Sam Altman ha experimentado un "cambio neuroquímico", y lo quiere llevar a la IA: "Será lo mejor para la humanidad"

Computer Hoy

El máximo responsable de OpenAI ha vuelto a referirse a su reciente paternidad y, cómo suele ocurrir con él, se ha referido a su tema favorito: la IA de ChatGPT. 

Suele decirse que eso de ser padre cambia a cualquiera. Una de las experiencias más emotivas y a la vez desafiantes que puede tener alguien a lo largo de su vida. Algo que Sam Altman, el máximo responsable de OpenAI, parece estar descubriendo ahora. No en vano, tuvo a su primer hijo hace apenas unos meses, el pasado mes de febrero. Y ya ha hablado de su experiencia.

En realidad, no es la primera vez que lo hace. Hace tiempo recibió bastantes criticas al confesar que ChatGPT había sido fundamental en el cuidado de su hijo. Algo que provocó que muchos especialistas pusieran el grito en el cielo. Ahora, ha vuelto a vincular su paternidad con la inteligencia artificial, aunque de una manera distinta. Distinta, pero cuanto menos curiosa. 

Sam Altman y sus cambios neuroquímicos

Puede que Sam Altman te caiga mejor o peor, pero existen dos afirmaciones que difícilmente puede ser rebatidas sobre él. La primera, que disfruta pasándose el día hablando. Principalmente sobre ChatGPT, pero durante las infinitas entrevistas que concede en blogs, podcasts, televisiones y periódicos, rara vez rehúye opinar sobre cualquier tema, aunque sea personal

Por supuesto, y esta es la segunda evidencia acerca de su persona, el empresario es un fantástico comercial. Así que, trate sobre lo que trate, siempre termina barriendo para casa. Es decir, vinculando cualquier asunto con la inteligencia artificial, ChatGPT y las maravillosas proezas que, al menos desde su punto de vista, ofrecerá esta tecnología. No todo el mundo opina igual

En esta ocasión, y como señalan desde Times of India, Sam Altman ha vuelto a recurrir a su paternidad para poner en valor la IA. Según él, ser padre le ha "reconfigurado químicamente". Lo cual ha provocado, dice, que tenga una nueva forma de ver las cosas. Lo curioso del asunto es que, efectivamente, la ciencia parece respaldar esta sensación que tiene el responsable de ChatGPT.

Esa al menos es la conclusión a la que han llegado diversos estudios centrado en gente que ha sido padre recientemente, igual que Altman. Estos han confirmado cambios en niveles de oxitocina, dopamina y prolactina, hormonas y neurotransmisores asociados con el apego, el placer y la respuesta emocional. O lo que es lo mismo, que sí hay variaciones después de ser padre. 

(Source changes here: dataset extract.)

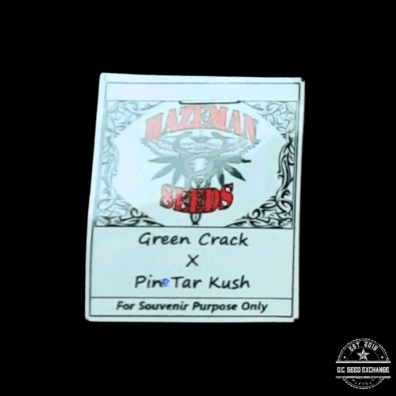Hazeman Seeds Green Crack x Pine Tar Kush 10 Regular Seeds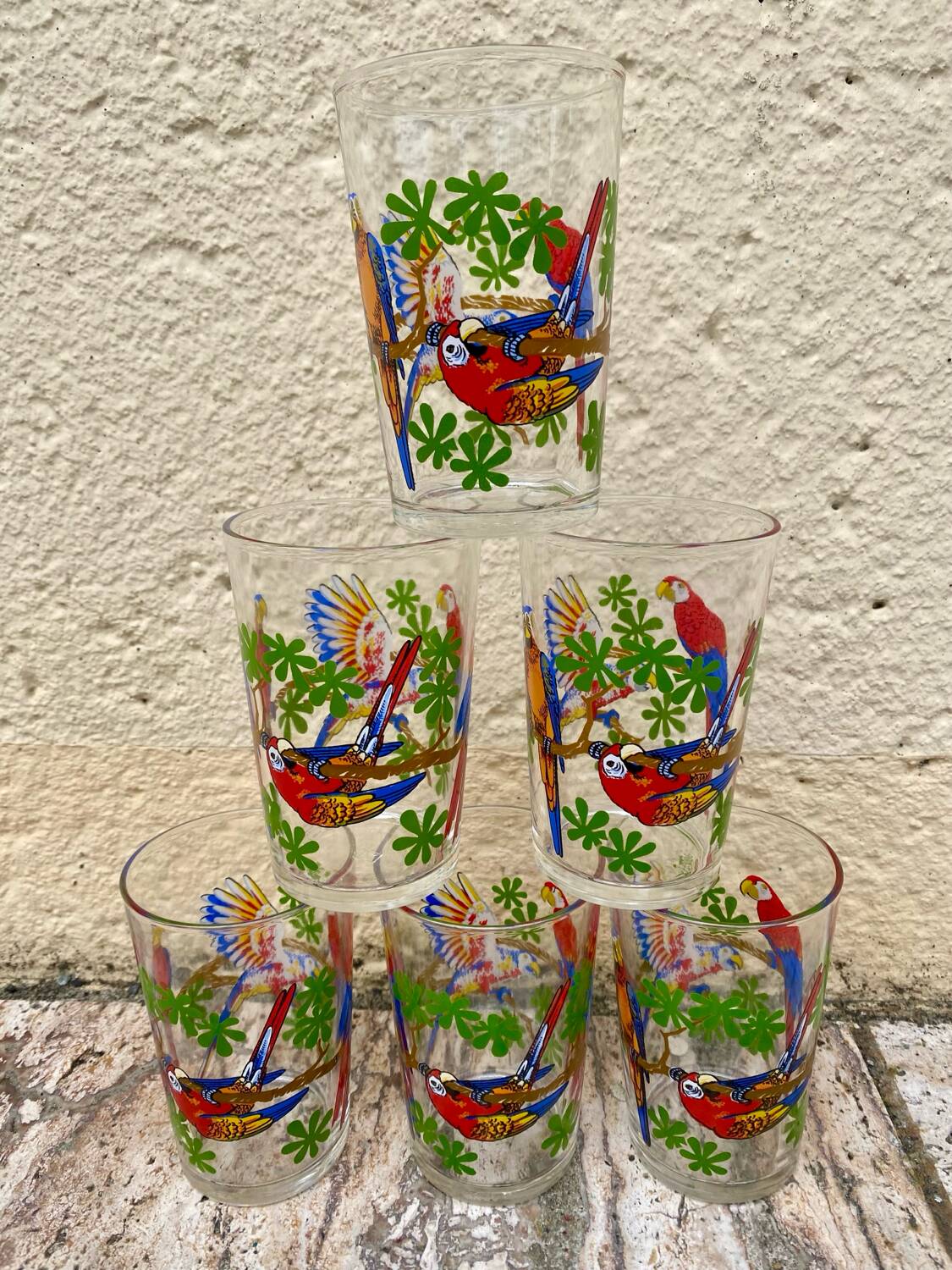 Six vintage parakeet glasses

¿Cómo afecta eso a la IA y a ChatGPT?

"Me siento diferente, más sensible al mundo y a cómo lo estamos construyendo", ha comentado Sam Altman, quien no ha evitado hablar acerca de su labor al frente de OpenAI. Una labor que, cree él, puede cambiar el destino del futuro y de la gente. "Si esto ayuda a que tome mejores decisiones para el futuro de mi hijo y de la humanidad, entonces es algo bueno". 

Por supuesto, las reacciones en Internet no se han hecho esperar. Algunos piensan que las declaraciones de Altman son sinceras, mientras que otros se encojen de hombros y no le dan mayor importancia: un padre es un padre, ¿y? Pero la diferencia entre él y el resto de la humanidad es que, ciertamente, su trabajo puede tener influencia en millones. Con cambios neuroquímicos o sin ellos.